# [Task to carry out]
Of all the lines below, output only those starting at the one with "Art Deco Fitted Drinks Trolley" and ending at the one with "Men's Vintage Knit Print Zip-Up Sweatshirt", both ends included, exactly as written.

Data provided section start

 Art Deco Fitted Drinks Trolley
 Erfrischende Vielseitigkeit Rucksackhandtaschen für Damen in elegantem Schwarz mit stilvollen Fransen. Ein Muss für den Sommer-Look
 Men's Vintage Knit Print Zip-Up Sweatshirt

Data provided section end
Data provided section start

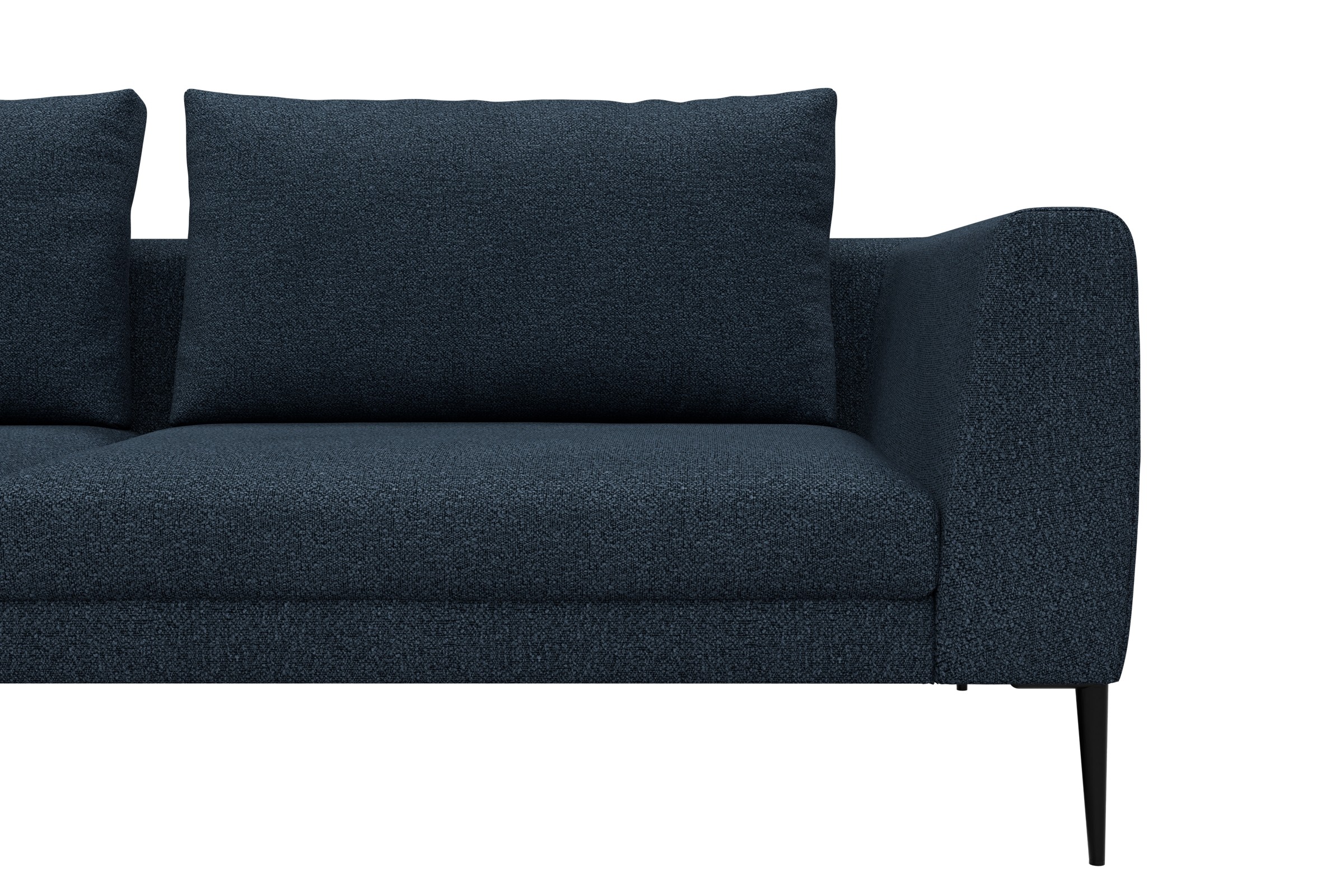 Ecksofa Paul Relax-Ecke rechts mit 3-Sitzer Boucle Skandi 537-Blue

Data provided section end
Data provided section start

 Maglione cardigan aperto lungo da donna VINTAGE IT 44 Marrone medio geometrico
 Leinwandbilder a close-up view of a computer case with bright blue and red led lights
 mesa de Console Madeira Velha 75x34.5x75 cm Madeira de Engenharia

Data provided section end

# [Response for this exercise]
 Art Deco Fitted Drinks Trolley
 Erfrischende Vielseitigkeit Rucksackhandtaschen für Damen in elegantem Schwarz mit stilvollen Fransen. Ein Muss für den Sommer-Look
 Men's Vintage Knit Print Zip-Up Sweatshirt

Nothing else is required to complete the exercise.